> _What is required_
From the listing below, reproduce exactly the lines starting with the one with "Piscina azzurra con" and going on through the one with "a black and", both ends kept. No picture is copied.

> _Material shown_
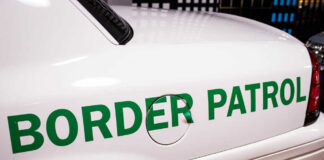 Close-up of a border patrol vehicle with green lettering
==
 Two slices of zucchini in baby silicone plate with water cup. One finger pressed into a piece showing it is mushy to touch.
* * *
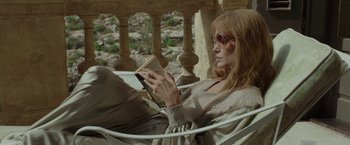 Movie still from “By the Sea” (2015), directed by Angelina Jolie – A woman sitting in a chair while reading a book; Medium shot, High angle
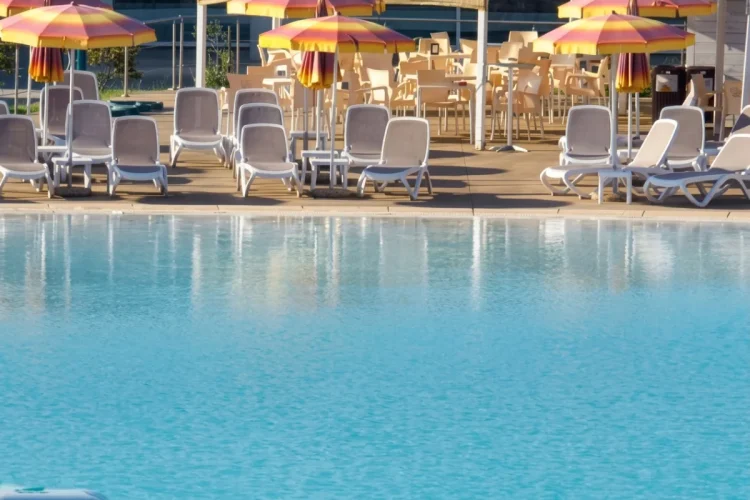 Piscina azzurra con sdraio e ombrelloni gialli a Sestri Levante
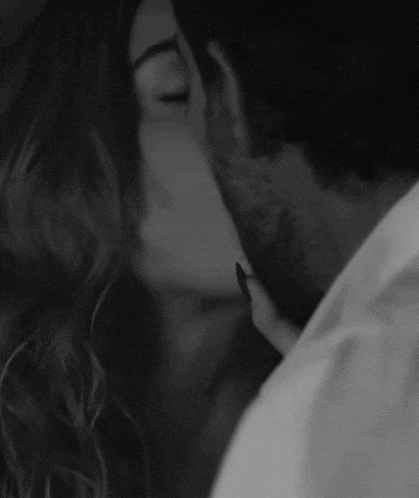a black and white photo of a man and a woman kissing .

> _Task response_
 Piscina azzurra con sdraio e ombrelloni gialli a Sestri Levante
a black and white photo of a man and a woman kissing .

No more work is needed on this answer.